Regarding the Tremere: since no one in our group was very interested in Certamen, we let our Tremere have a mMF of his choice instead.

In terms of relative power, what if the personality flaw intrinsic to having Mythic blood were instead to become an essential virtue which bears a personality description. So a hypothetical descendant of the incredible hulk would have a +3 str (angry) essential virtue for example.
Or would that be too much?

Yet is something that can already be done in some ways. You can do it for spontaneous magic with Diedne Magic + focus, or in general by getting Chtonic Magic + focus, all for 4-6 virtue points depending of the focus version.

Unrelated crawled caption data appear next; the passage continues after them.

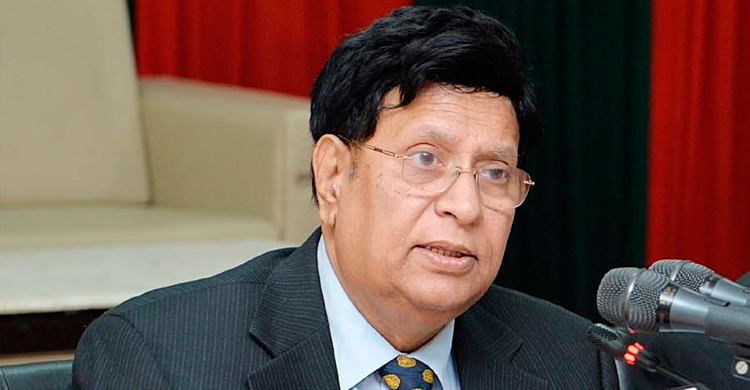 অবৈধ বাংলাদেশিদের বৈধ করতে যুক্তরাষ্ট্রের প্রতি আহ্বান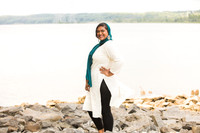 senior-018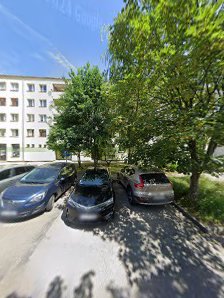 NIEPUBLICZNE PRZEDSZKOLE "OLKUSKIE SKRZATY" - zdjęcie 1
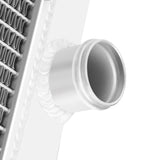 Mishimoto - Aluminium Radiator Ford Focus RS MK2 Radiator Mishimoto royalty-bespoke.myshopify.com 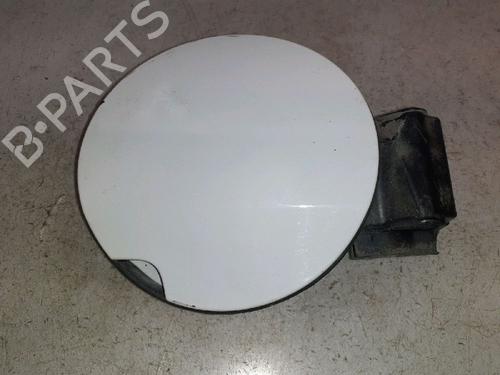 Used Fuel flap Fuel flap 30415601 30415601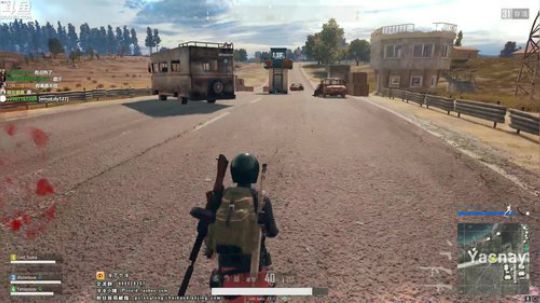 【冷冷】我们有的不仅仅是颜值！ 2018-05-24 20点场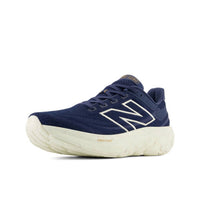 New Balance - Men's 1080 V13 Running Sneakers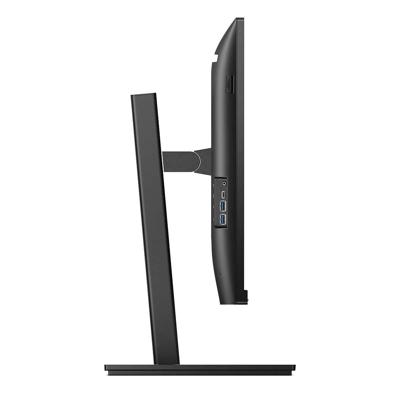 Philips 5000 Series 40B1U5600/00 40 Wide Quad HD 120Hz USB-C 100W IPS Monitor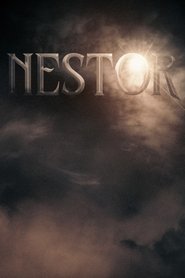 Nestor movie poster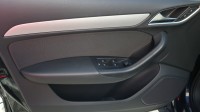 Audi Q3 1.4 TFSI basis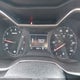 KL79MMS2XMB128285 2021 Chevrolet Trailblazer Fwd Ls auction photo thumbnail 7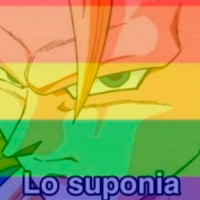 ¡Ni se imaginan que versión es! Dragon Ball llegó a Disney+, pero no de una forma digna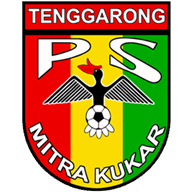 Mitra Kukar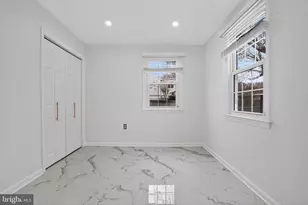 13205 10th St, Bowie, MD 20715 - Photo 17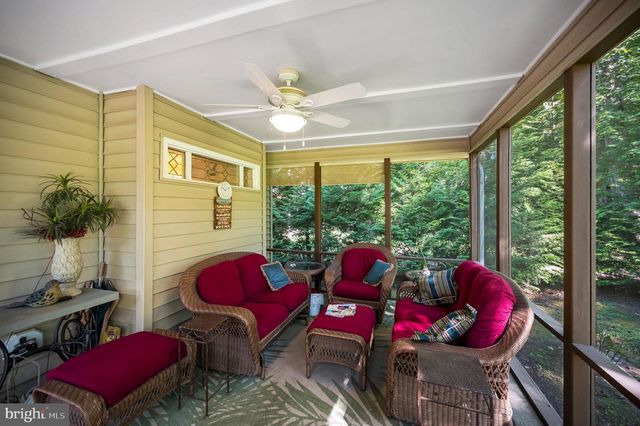 307 GREEN ST, Locust Grove, VA 22508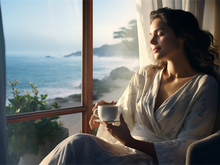 价格,整形,医院,激光知识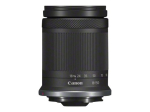 Canon RF-S Zoom Objektiiv
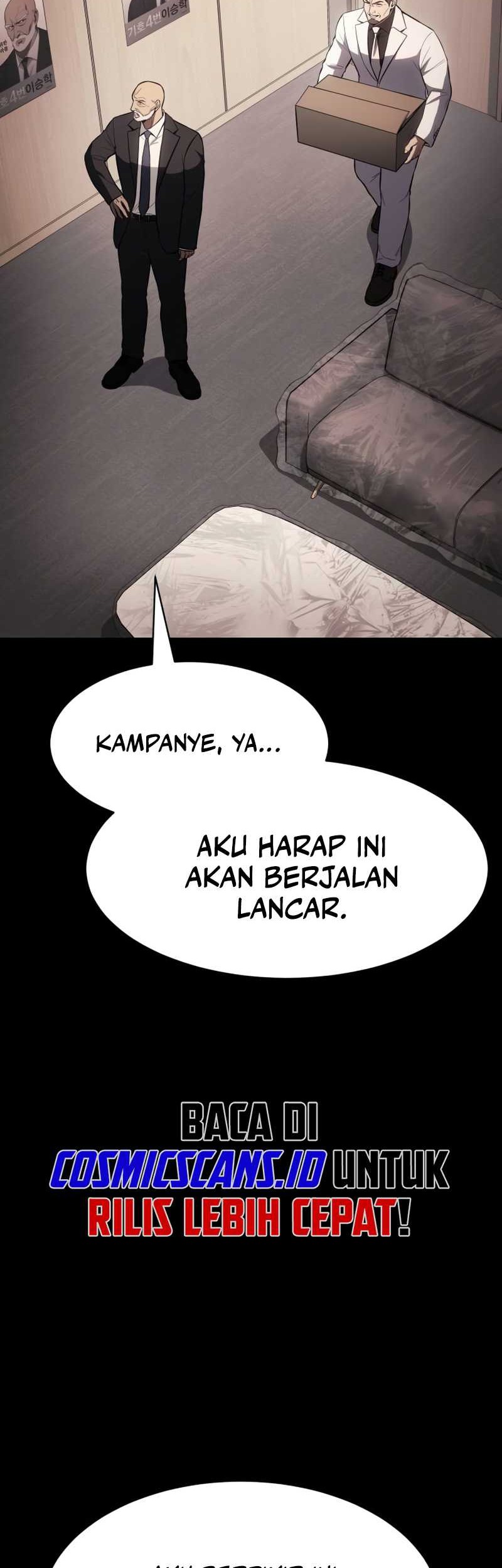 Halaman 141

As for the Tremere, no one in our group is interested in anything of them at all, so it is all on me, and I enjoy the idea of them being somehow limited, being as a group of very organised minions relying on cooperation, strategics and machinations to overcome that lack of focus. Yet having some of them with Mythic Blood seems appealing.

Yup.

In my vision, Tremere are weaker, but more than make up by mutual support and specialization, but also by relying on a score of mundane helpers and servants, including minor hedge wizards.

Likewise, being weaker and knowing it, they don't dismiss easily natural magics, especially as it can be done by servants. Being able to drink a Tonic of Gold right after casting a spontaneous spell can be quite a boon.

I agree with both of these, and for NPC them being a swarm of little bullies hiding behind the robes of their elders works just fine. But for the player, we decided to make an exception.

I hope you reconsider. Mythic Blood is far and away the worst major hermetic and essentially unpickable.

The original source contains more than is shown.